Yanagihara (The People in the Trees, 2013) takes the still-bold leap of writing about characters who don’t share her background; in addition to being male, JB is African-American, Malcolm has a black father and white mother, Willem is white, and “Jude’s race was undetermined”—deserted at birth, he was raised in a monastery and had an unspeakably traumatic childhood that’s revealed slowly over the course of the book. Two of them are gay, one straight and one bisexual. There isn’t a single significant female character, and for a long novel, there isn’t much plot.
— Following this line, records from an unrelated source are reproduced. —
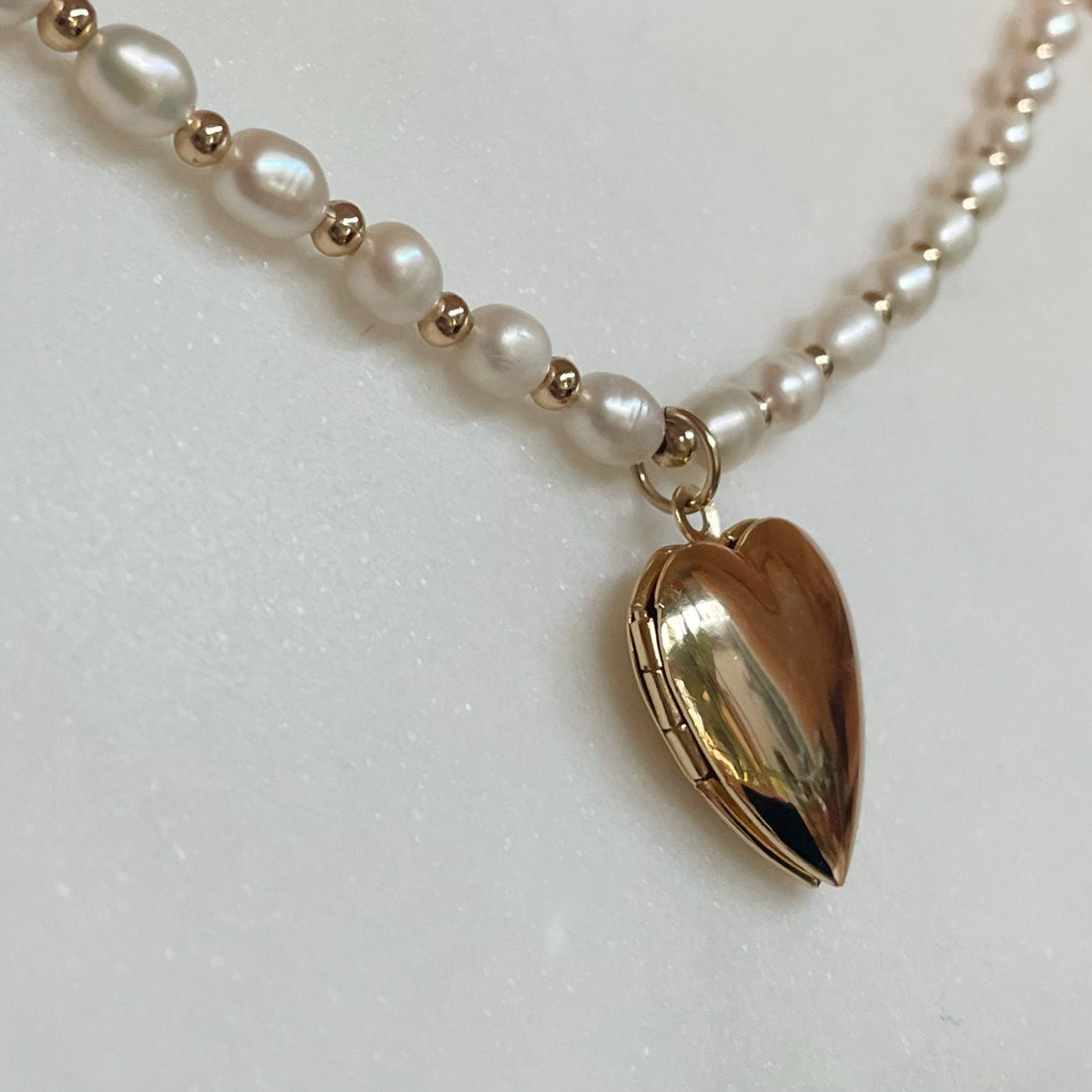 HOUSE OF AU.+ORA Heart of Gold Locket Pearl Necklace | The Shop 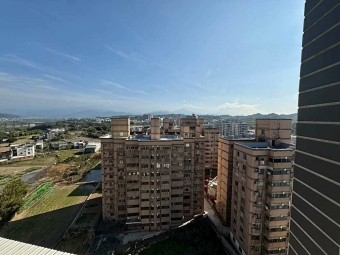 環球市三改二室附平車*獅子王（第13張）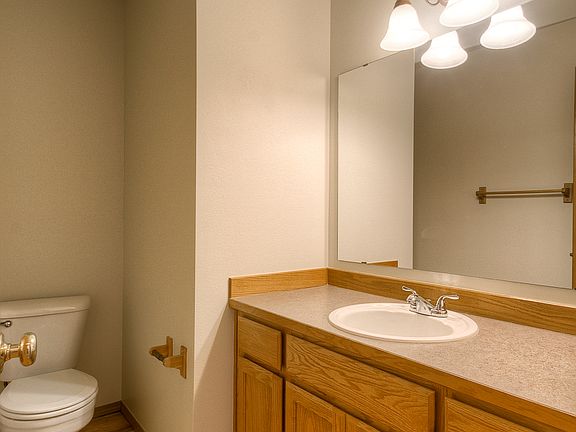 4th image of 16820 121st Avenue Ct E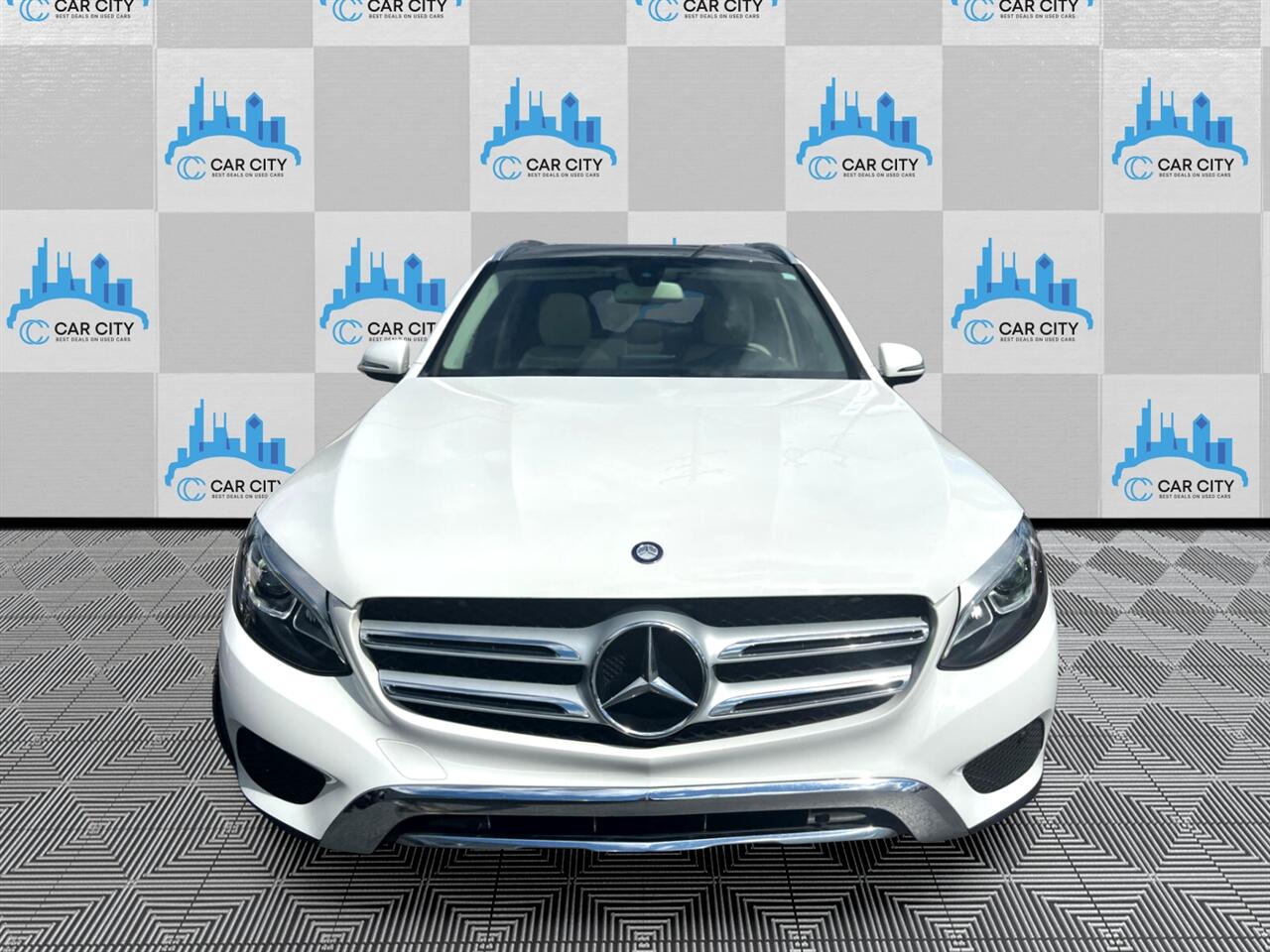 Mercedes-Benz GLC-Class GLC300 4MATIC 2017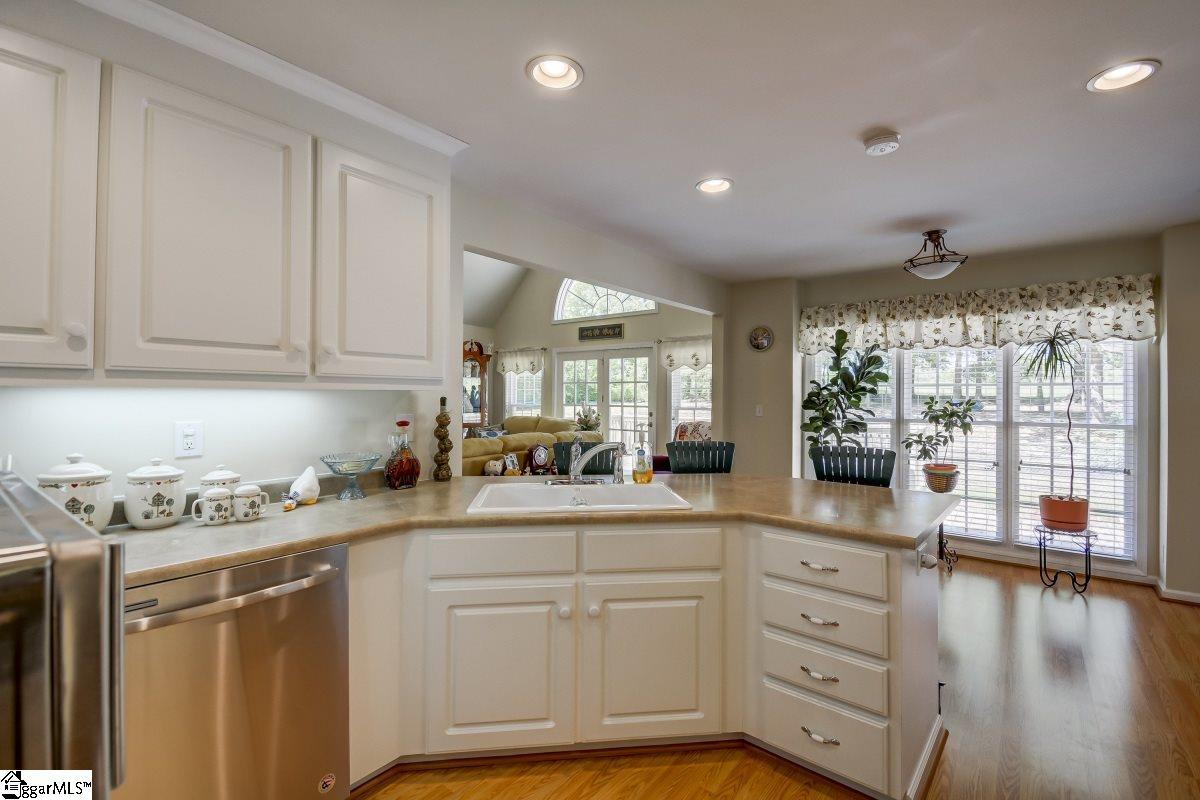 420 State Rd S-42-770 Inman, SC 29349 - Photo 11 of 32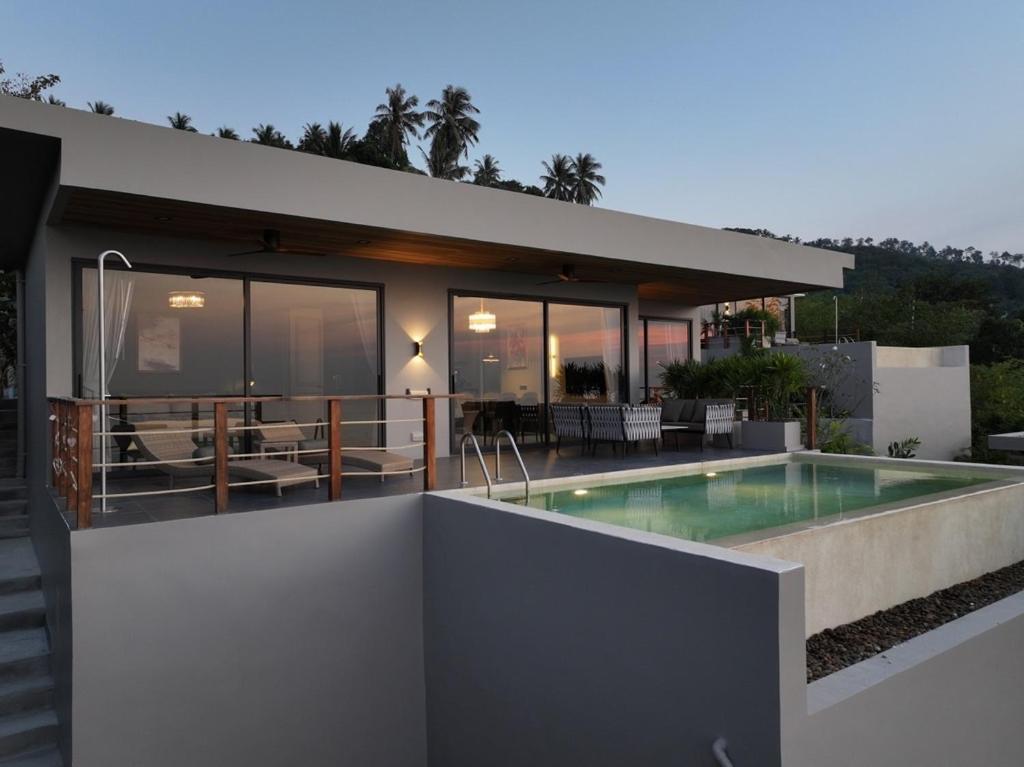 Villa So Zen, New, Luxury, Full Sunset Sea View
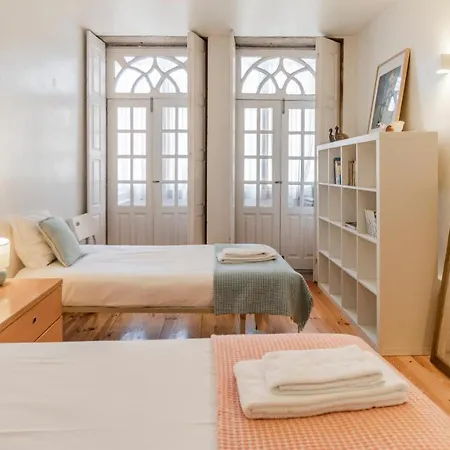 61 - Bright 2br W/ Balcony By Lovelystay Appartamento Oporto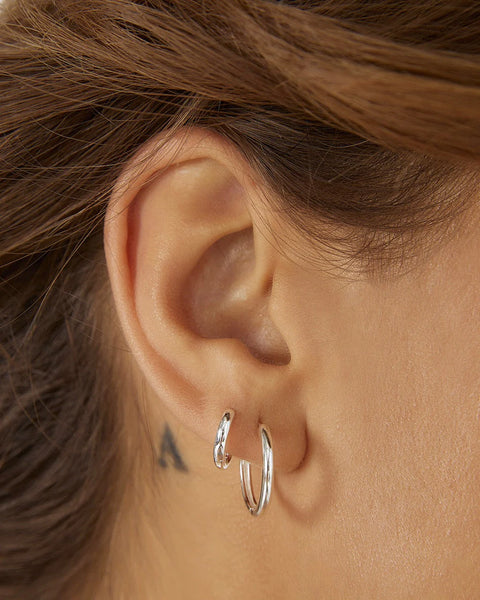 Scarlet Hoop Earrings SILVER (1.7cm height)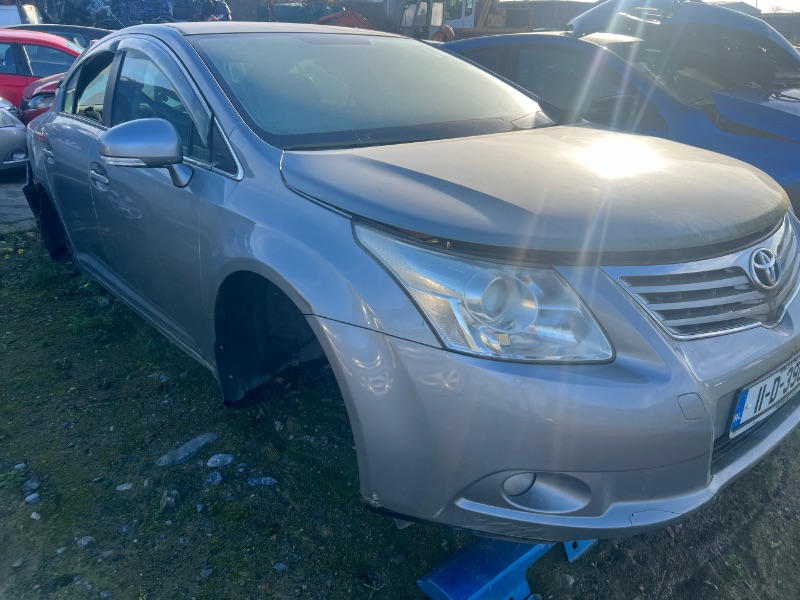 2011 TOYOTA AVENSIS 2.0 D-4D AURA DPF 4DR for breaking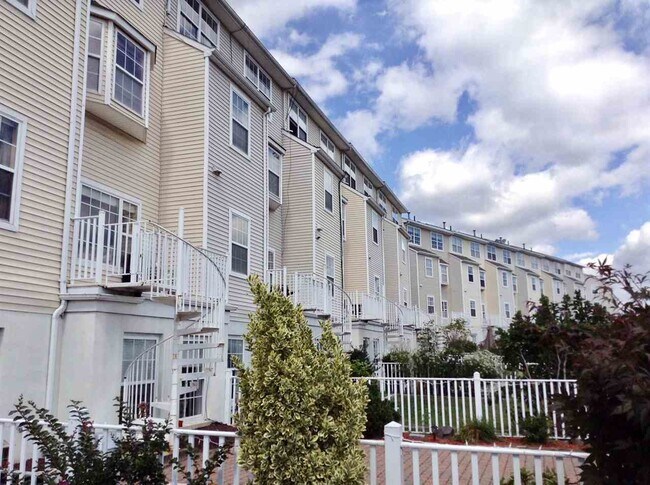 Building Photo - 24 Bergen Ridge Rd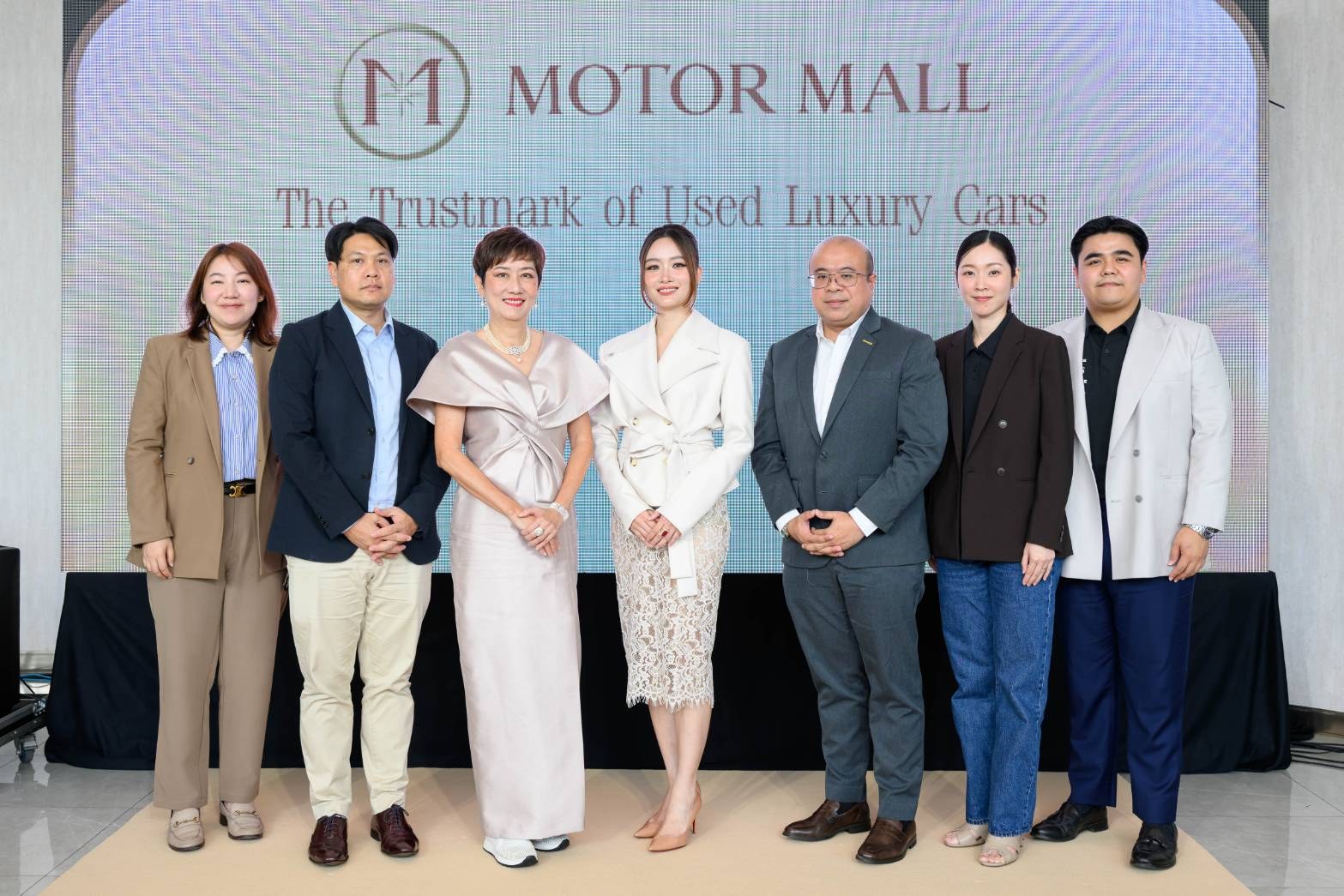 คณะผู้บริหารร่วมแสดงความยินดีหน้าโลโก้ MOTOR MALL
There aren’t even many markers of what’s happening in the outside world; Jude moves to a loft in SoHo as a young man, but we don’t see the neighborhood change from gritty artists’ enclave to glitzy tourist destination. What we get instead is an intensely interior look at the friends’ psyches and relationships, and it’s utterly enthralling. The four men think about work and creativity and success and failure; they cook for each other, compete with each other and jostle for each other’s affection. JB bases his entire artistic career on painting portraits of his friends, while Malcolm takes care of them by designing their apartments and houses. When Jude, as an adult, is adopted by his favorite Harvard law professor, his friends join him for Thanksgiving in Cambridge every year. And when Willem becomes a movie star, they all bask in his glow. Eventually, the tone darkens and the story narrows to focus on Jude as the pain of his past cuts deep into his carefully constructed life.  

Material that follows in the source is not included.